Y touché, ahí me dieron. Tuve que leerlo en letras ajenas para darme cuenta de cuál es mi modus operandi cuando amo a una persona, sean amigos, novietes, familia o conocidos. Compartir lo que te enamora es amar. Si comparto cosas con vosotros, sólo con vosotros (no me vale el muro de Facebook, no me vale este espacio), es que os quiero. Supongo que lo que persigo, más allá de que el receptor sepa cuáles son mis gustos, es que sienta, aunque sea, un 10% de lo que he vivido yo con “eso”.

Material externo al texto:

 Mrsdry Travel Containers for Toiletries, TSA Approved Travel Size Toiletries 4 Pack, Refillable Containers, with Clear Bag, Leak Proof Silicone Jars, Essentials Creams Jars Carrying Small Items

Nunca me he cohibido de compartir cosas con nadie a quien aprecie hasta hace cuatro años, cuando se nos fue el aita y no quedó más remedio que aprender a asimilar que sus silencios se convertirían en uno demasiado largo, pesado y doloroso. Es muy jodido querer compartir cosas con personas que ya no están, pero… qué os voy a contar a vosotros de perder a gente por el camino.
Hace ocho meses dejé de compartir cosas con una persona por obligación y, a día de hoy, lo hago (con varias) por desilusión. No quiero colaborar al aumento de su felicidad, y mucho menos de su sabiduría. No cuando me demuestran que no son merecedores de ella. Ahora sé que es mi manera de decirles que no las amo, que no las admiro, que no quiero que aprendan. O lo que es peor: que me dan igual.
Supongo que es por eso que me enamoro de la gente que me cuenta sus hobbies, sus pasiones, sus gustos. De los que ven algo, caen en la cuenta de que te flipará y te lo descubren. Eso es amor. Al menos mi amor.